In the very first scene of The Last Big Thing, protagonist Simon Geist is haranguing a young couple at the local video store about “great” movies. According to Simon, there are some great movies in the “classics” section (“four of them,” he says, “were directed by Orson Welles”) and there are some more in the foreign film section. After declaring that the “new releases” section is barren, he strolls off.
Thus Simon is off on an Edward Munch-inspired tear that will give the opening reels of The Last Big Thing a ferocious energy unlike anything else currently on movie screens. Played with an unsparing intensity by writer/director Dan Zukovic, Simon Geist is a fin-de-siecle agent provocateur who uses a fictive magazine called The Next Big Thing as a pretext for interviews with up-and-coming pop culture figures (actors, models, rock groups). Once the unwitting interviewees sit down, Simon tears them apart with sardonic, deadpan relish. It would almost qualify as postmodern performance art, if only there were an audience for the spectacle besides Simon and his victim. (On one occasion, the joke is that he hasn’t even bothered to put a tape in his recorder for a lengthy interview.)

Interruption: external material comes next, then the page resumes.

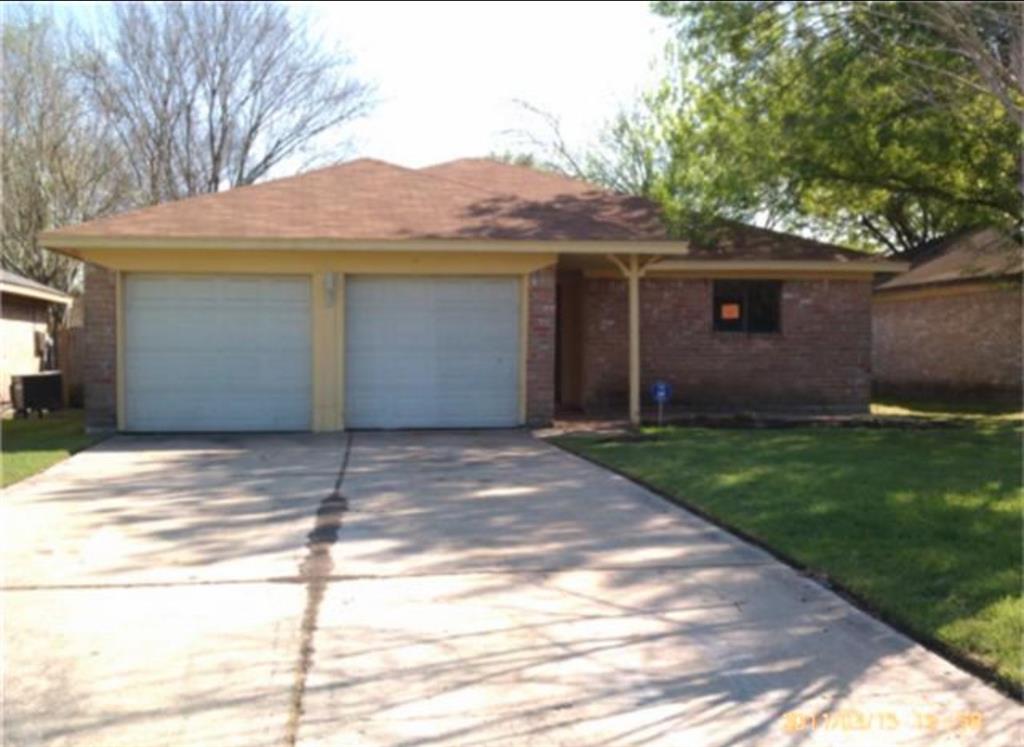 a front view of house with yard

Of course, there is (theoretically) an audience for the very low-budget film made about Simon and his victims, and The Next Big Thing exudes a wild, look-at-me exuberance in its lambasting of celebrity culture and 70s decade-worship that’s awfully hard not to like. Many of the early scenes are laugh-out-loud funny, and Zukovic manages to make us care who this guy is and what’s going to happen to him. Happily, Zukovic also realizes that Simon is, fundamentally, an asshole.
The problem is that when he makes that the subject of the film — examining Simon’s dangerously askew relationship with unstable roommate Darla (Susan Heimbinder), or watching the tables get turned on him by a model (Pamela Dickerson) who’s smarter than she looks — it’s hard to differentiate The Last Big Thing from any other low-budget, self-important American independent production. As Zukovic starts to take all this stuff too seriously, the jokes start fizzling. (The one about directing a music video is especially creaky.) It would be nice to see some doors open for Zukovic, who has made a spare, startling and fitfully interesting movie (and one that sat on the shelf for two years before finding a distributor). But, sadly, The Last Big Thing (expanded from an award-winning short) wears out its welcome about halfway to the end.